Wednesday, February 4, 2009

Seriously?

Yesterday was a bit annoying.

In the morning, I taught my class. The topic was "Do institutions matter for economic growth?" Included in this topic was a discussion of how coordination or cooperation is a conundrum for rational choice theory. When you assume people are rationally self interested and always pursue their self interest, it becomes very hard to explain most forms of cooperation. In order to illustrate this, I introduced my students to the most common game in Game Theory - the prisoners dilemma. Its not very difficult and really gets the basic ideas of game theory and of coordination problems across in a efficient manner.

Three hours later, I was sitting in my own economics class.

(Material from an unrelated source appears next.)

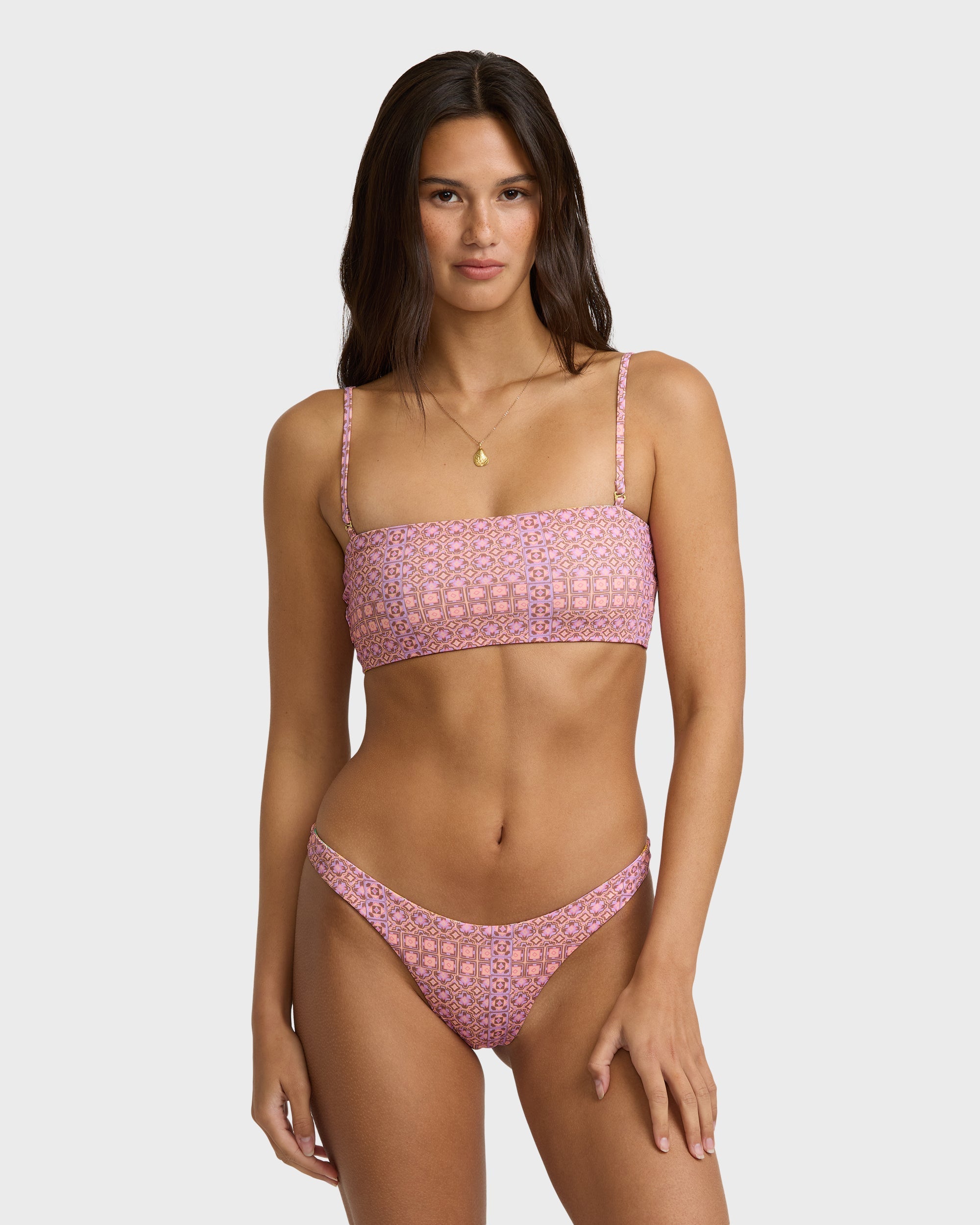 Billabong Dreamy Daze Tully Reversible Bandeau Bikini Top - Sweet Lilac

ECON 805 is the second quarter of the economic graduate microeconomics sequence. These are people who mostly have undergraduate degrees in economics. We "started" game theory. Guess what he "introduced" us to? The prisoners dilemma. That is right. I both taught and was taught the same model in the same day.

It is absolutely ridiculous. Someone who has never been introduced to the prisoners dilemma has no business being in a graduate level economics course for Economic PhD Candidates. This microeconomics sequence is turning out to be quite useless - a lot of work for not much return in terms of what I WANT to be learning. I expected to be learning advanced game theory and formalization, not the prisoners dilemma.